CLAIMS What is claimed is:
1. A dressing for treating a tissue site, the dressing comprising: a foam having a foam thickness from a first side of the foam to a second side of the foam; a plurality of holes extending through the foam from the first side to the second side; a film having a film thickness and a plurality of perforations extending through the film; a plurality of welds coupling the film to the first side of the foam, each of the plurality of welds being separated from the plurality of holes.
2. The dressing of claim 1, wherein the foam is felted.
3. The dressing of claim 1 or claim 2, wherein the foam thickness is uniform.
4. The dressing of claim 1, wherein the foam thickness is between about 5 mm to about 30 mm.
5. The dressing of claim 1, wherein the foam thickness is a first thickness, the foam further comprising a second thickness that is different than the first thickness.
6. The dressing of claim 5, wherein the first thickness and the second thickness are between about 5 mm and about 30 mm.
7. The dressing of any of claims 1-6, where the film thickness is between about 25 microns and about 200 microns.
8. The dressing of any of claims 1-7, wherein the film is formed from polyurethane.
9. The dressing of any of claims 1-7, wherein the film is formed from polyethylene.
10. The dressing of any of claims 1-7, wherein the film is formed from polypropylene.
11. The dressing of any of claims 1-7, wherein the film is formed from polyvinyl chloride.
12. The dressing of any of claims 1-7, wherein the film is formed from cellophase.
13. The dressing of any of claims 1-7, wherein the film is formed from cellulose.
14. The dressing of any of claims 1-7, wherein the film is formed from acetate.
15. The dressing of claim 1, wherein the welds comprise RF welds.
16. The dressing of claim 1, wherein the welds comprise adhesive welds.
17. The dressing of claim 1, wherein the welds comprise localized heat welds.
18. The dressing of claim 1, wherein the plurality of welds comprise a continuous weld.
19. The dressing of claim 1, wherein the plurality of welds comprise discrete welds.
20. The dressing of claim 19, wherein each weld has a length between about 2 mm and about 15 mm.
21. The dressing of any of claims 15-20, further comprising a plurality of weld slits disposed in the welds.
22. The dressing of claim 21, wherein each weld slit of the plurality of weld slits has a length between about 2 mm and about 3 mm.
23. The dressing of any of claims 1-22, wherein the plurality of perforations comprise a plurality of slits.
24. The dressing of claim 23, wherein each slit of the plurality of slits has a length between about 2 mm and about 5 mm.
25. The dressing of any of claims 1-23, wherein the plurality of perforations are circular.
26. The dressing of any of claims 1-23, wherein the plurality of perforations are elliptical.
27. The dressing of any of claims 1-23, wherein the plurality of perforations are polygonal.
28. The dressing of any of claims 25-27, wherein each perforation has an average effective diameter between about 0.5 mm and about 5 mm.
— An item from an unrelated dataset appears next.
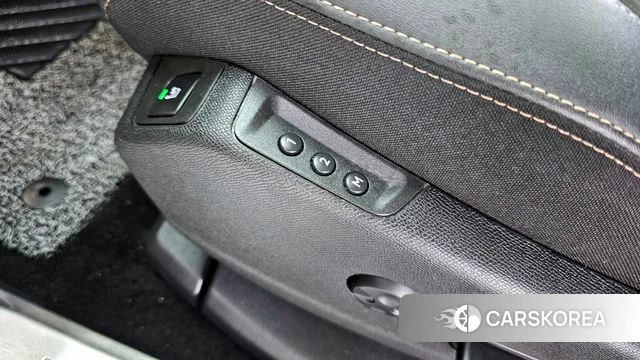 Peugeot 5008 second generation id 3860102 из Кореи 8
29. The dressing of claim 1, wherein the foam further comprises: a plurality of raised portions surrounding the plurality of holes; and a plurality of depending portions coincident with the plurality of welds.
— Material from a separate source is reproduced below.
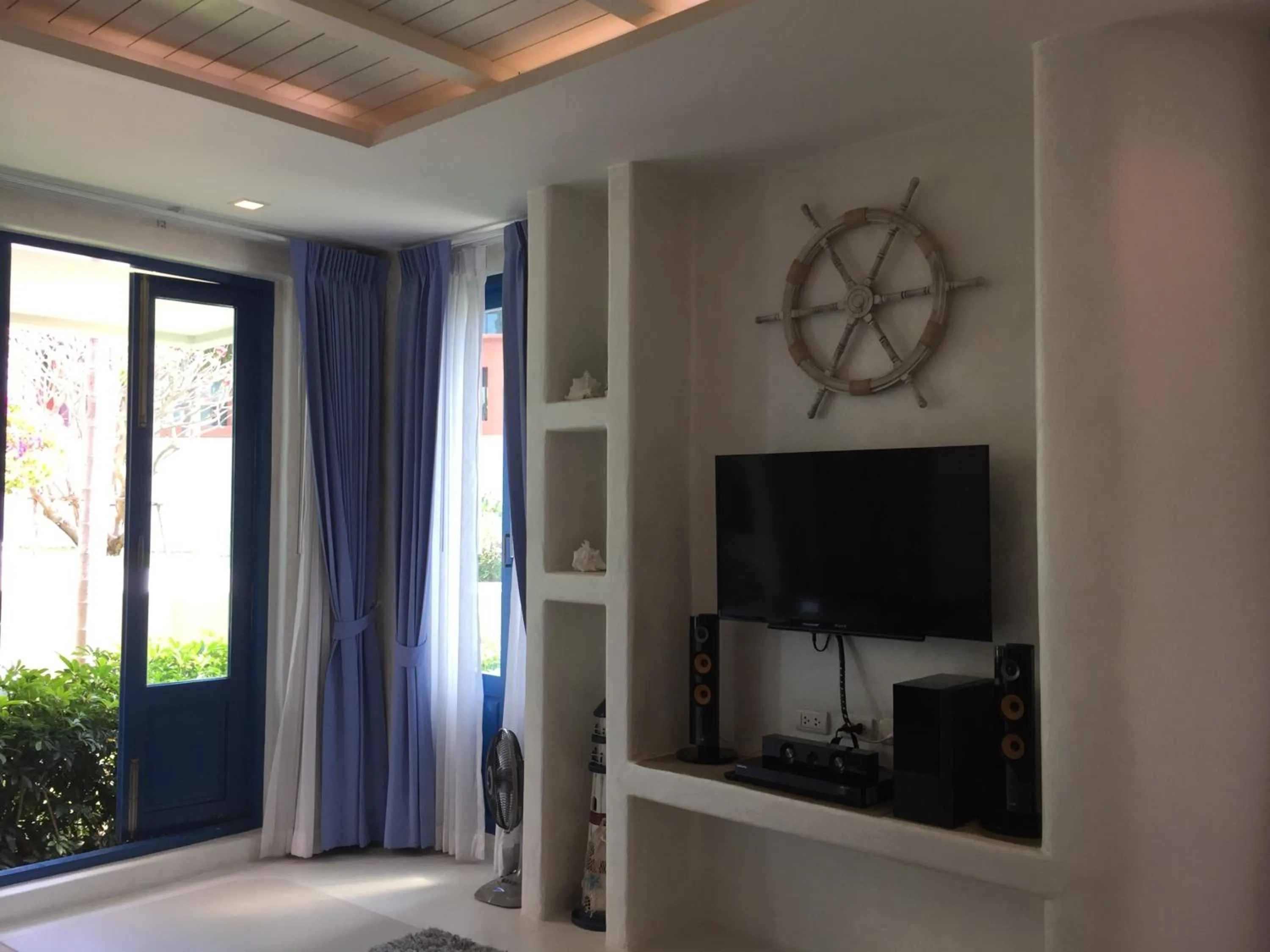 Photo of the whole room in The Chelona pool access by Away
30. The dressing of claim 29, wherein the raised portions comprise linear shapes.
31. The dressing of claim 29, wherein the raised portions comprise circular shapes.
32. The dressing of claim 29, wherein the raised portions comprise elliptical shapes.
33. The dressing of claim 29, wherein the raised portions comprise polygonal shapes.
34. The dressing of any of claims 29-33, wherein the raised portions are filled.
35. The dressing of any of claims 29-33, wherein the raised portions comprise outlines.
36. The dressing of any of claims 29-35, wherein the raised portions are uniform.
37. The dressing of any of claims 29-35, wherein the raised portions are non-uniform.
38. The dressing of any of claims 29-35, wherein each raised portion has at least one hole of the plurality of holes.
39. The dressing of claim 38, wherein each raised portion has more than one hole.
40. The dressing of any of claims 1-39, further comprising a plurality of fenestrations defining a pattern, portions of the foam and the film being separable from adjacent portions of the foam and the film along the pattern.
41. The dressing of any of claims 1-40, wherein the film is impregnated with an antimicrobial compound.
42. The dressing of claim 41, wherein the antimicrobial compound comprises 1% to 5% chlorhexidine.
43. The dressing of claim 41, wherein the antimicrobial compound comprises 0.2% to 5% silver.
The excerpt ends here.